→ WHAT IS BEING ASKED
In the records below, the line with "Ivy 18k White" opens the range and the line with "Long-sleeved jumper with" closes it; print that range exactly and nothing else.

→ Dataset entries

========================================

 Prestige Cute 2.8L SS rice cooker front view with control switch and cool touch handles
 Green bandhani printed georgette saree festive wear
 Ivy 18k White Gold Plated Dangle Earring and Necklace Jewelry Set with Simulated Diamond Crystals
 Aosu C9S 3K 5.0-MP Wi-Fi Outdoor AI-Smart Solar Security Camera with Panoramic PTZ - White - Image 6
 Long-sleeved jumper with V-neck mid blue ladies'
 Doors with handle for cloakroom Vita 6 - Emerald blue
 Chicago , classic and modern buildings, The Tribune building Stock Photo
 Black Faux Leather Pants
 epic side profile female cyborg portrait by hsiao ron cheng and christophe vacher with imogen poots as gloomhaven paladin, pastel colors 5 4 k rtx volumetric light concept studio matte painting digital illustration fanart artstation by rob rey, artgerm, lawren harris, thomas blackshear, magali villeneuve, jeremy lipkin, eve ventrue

========================================

→ RESULT OF THIS EXERCISE
 Ivy 18k White Gold Plated Dangle Earring and Necklace Jewelry Set with Simulated Diamond Crystals
 Aosu C9S 3K 5.0-MP Wi-Fi Outdoor AI-Smart Solar Security Camera with Panoramic PTZ - White - Image 6
 Long-sleeved jumper with V-neck mid blue ladies'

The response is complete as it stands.